> **Exercise directions**
Leave out the pictures and output exactly the lines below from the one with "women's jackets blue" down to the one with "Kahlo Indian Throw", both of them included.

> **Records**

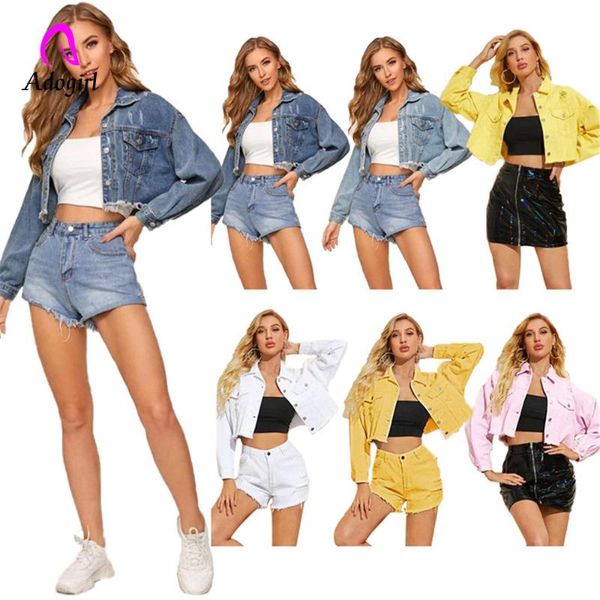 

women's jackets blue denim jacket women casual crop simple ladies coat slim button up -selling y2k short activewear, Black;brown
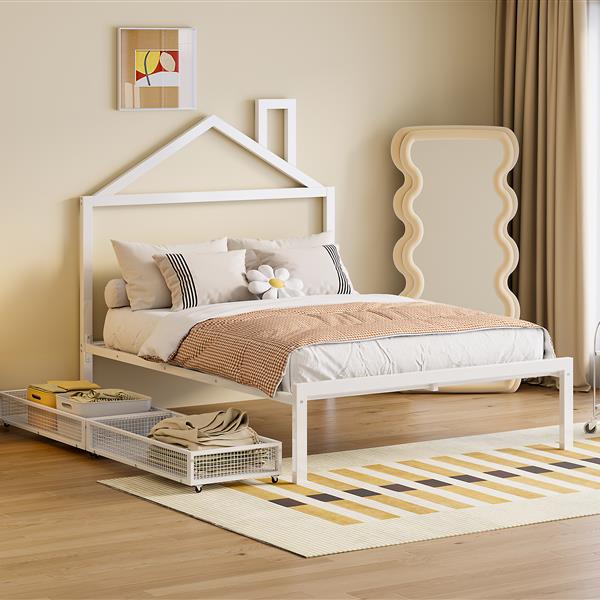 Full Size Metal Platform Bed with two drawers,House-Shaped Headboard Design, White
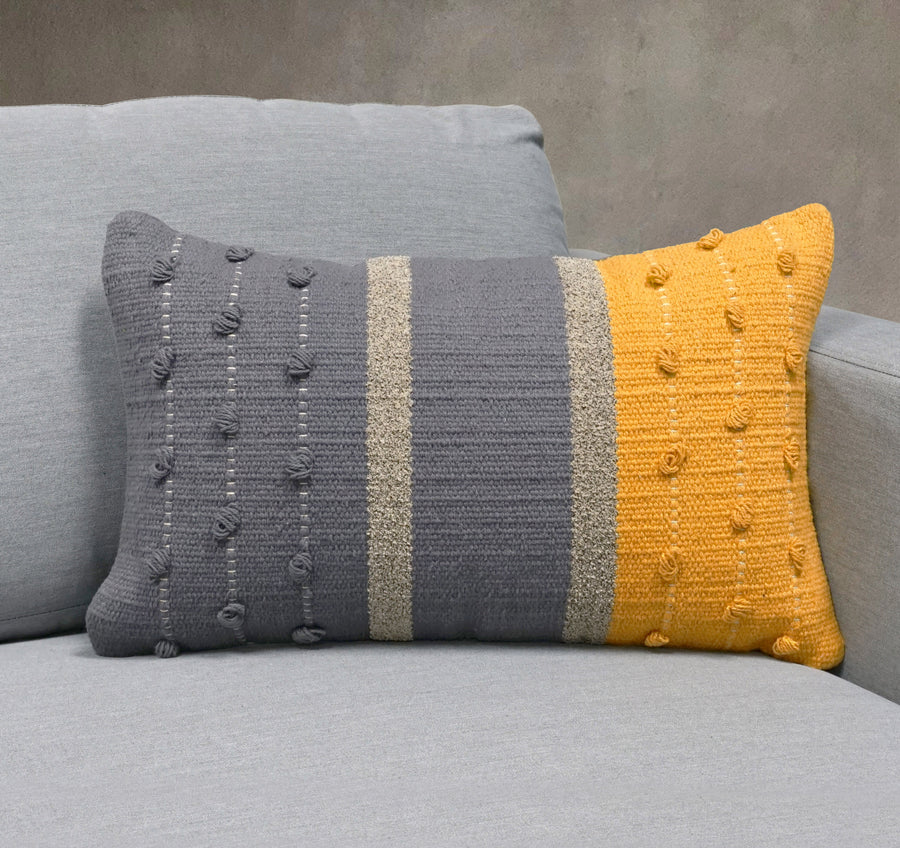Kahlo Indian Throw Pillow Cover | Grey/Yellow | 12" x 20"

--

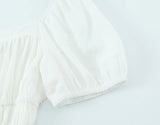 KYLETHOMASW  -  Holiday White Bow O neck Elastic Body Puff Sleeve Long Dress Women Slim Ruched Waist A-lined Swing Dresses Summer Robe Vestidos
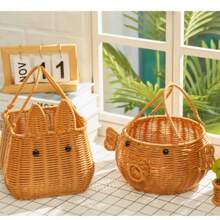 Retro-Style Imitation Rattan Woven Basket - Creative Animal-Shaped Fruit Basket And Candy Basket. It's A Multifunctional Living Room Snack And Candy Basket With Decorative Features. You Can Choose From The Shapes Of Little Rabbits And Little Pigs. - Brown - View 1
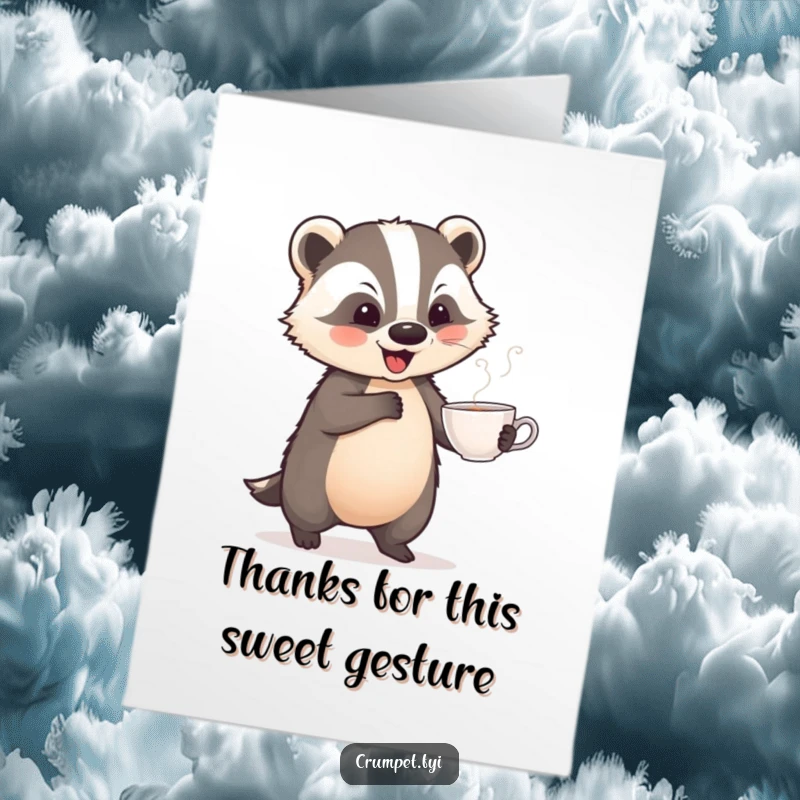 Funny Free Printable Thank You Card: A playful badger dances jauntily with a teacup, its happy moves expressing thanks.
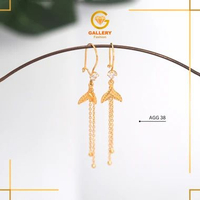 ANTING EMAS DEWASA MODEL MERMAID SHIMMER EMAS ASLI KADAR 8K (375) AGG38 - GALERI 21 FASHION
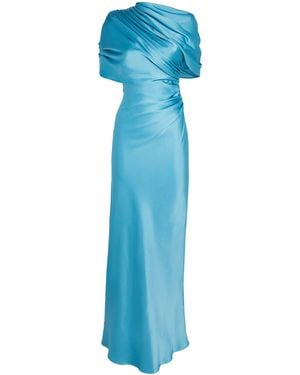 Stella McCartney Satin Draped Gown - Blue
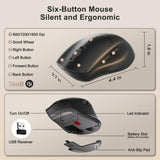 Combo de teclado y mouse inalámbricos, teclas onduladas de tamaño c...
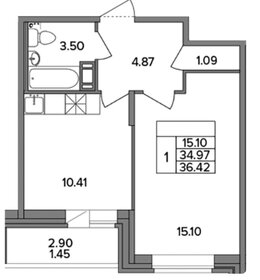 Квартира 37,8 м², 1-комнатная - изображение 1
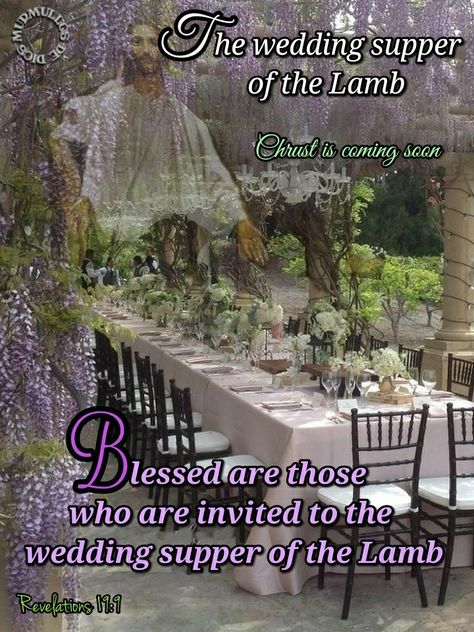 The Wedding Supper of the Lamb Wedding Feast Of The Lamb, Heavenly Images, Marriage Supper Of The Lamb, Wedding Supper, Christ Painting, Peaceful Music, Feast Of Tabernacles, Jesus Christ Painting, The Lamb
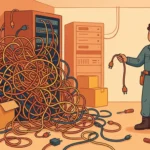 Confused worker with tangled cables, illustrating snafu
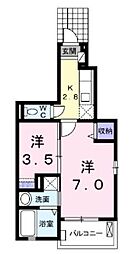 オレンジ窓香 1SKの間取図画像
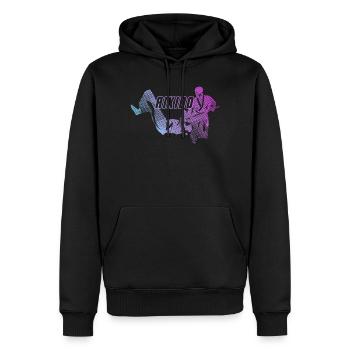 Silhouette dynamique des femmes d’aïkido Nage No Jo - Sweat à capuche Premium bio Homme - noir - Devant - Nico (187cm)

==

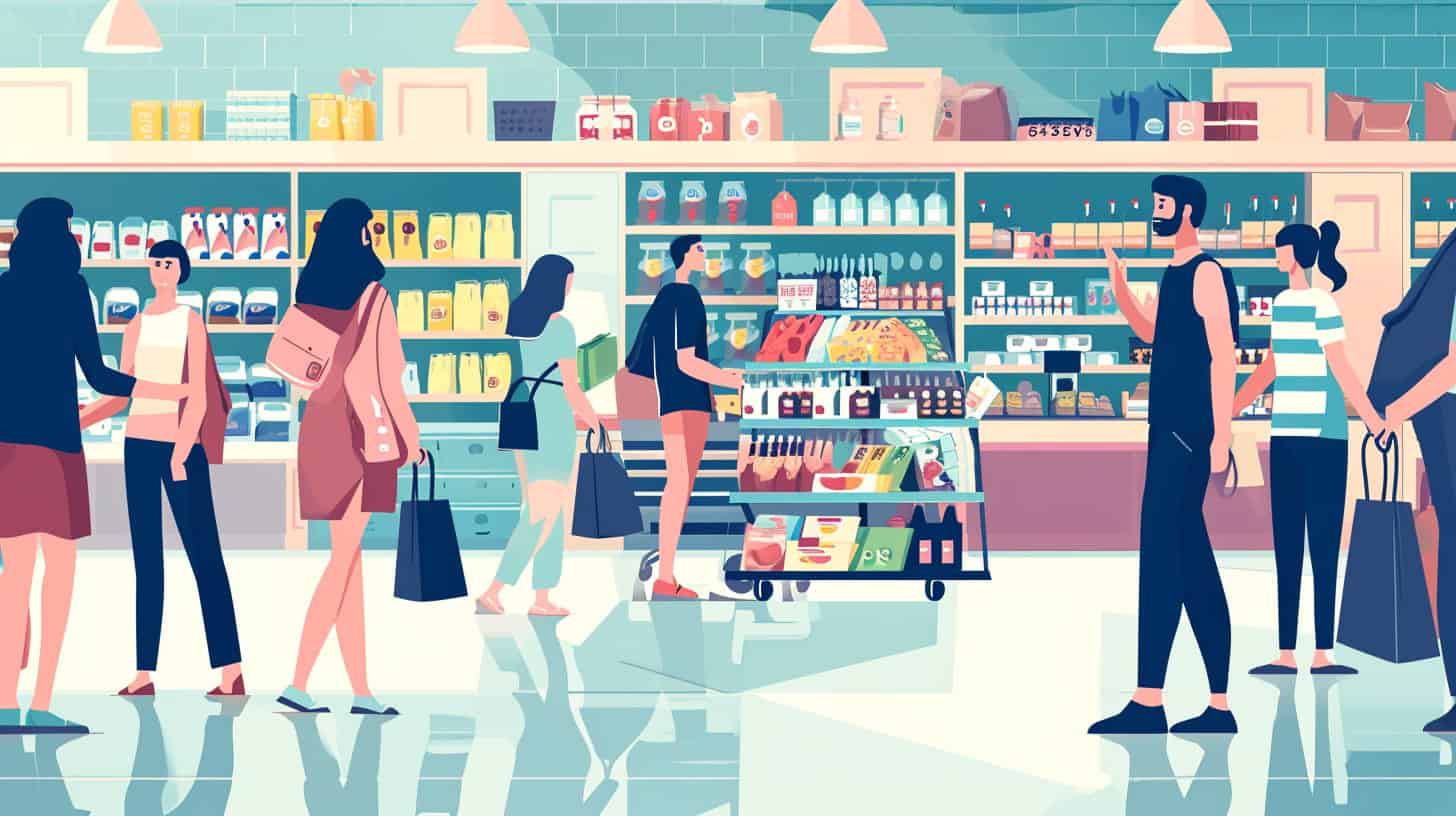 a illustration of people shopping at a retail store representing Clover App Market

> **Result of the task**
women's jackets blue denim jacket women casual crop simple ladies coat slim button up -selling y2k short activewear, Black;brown
 Full Size Metal Platform Bed with two drawers,House-Shaped Headboard Design, White
Kahlo Indian Throw Pillow Cover | Grey/Yellow | 12" x 20"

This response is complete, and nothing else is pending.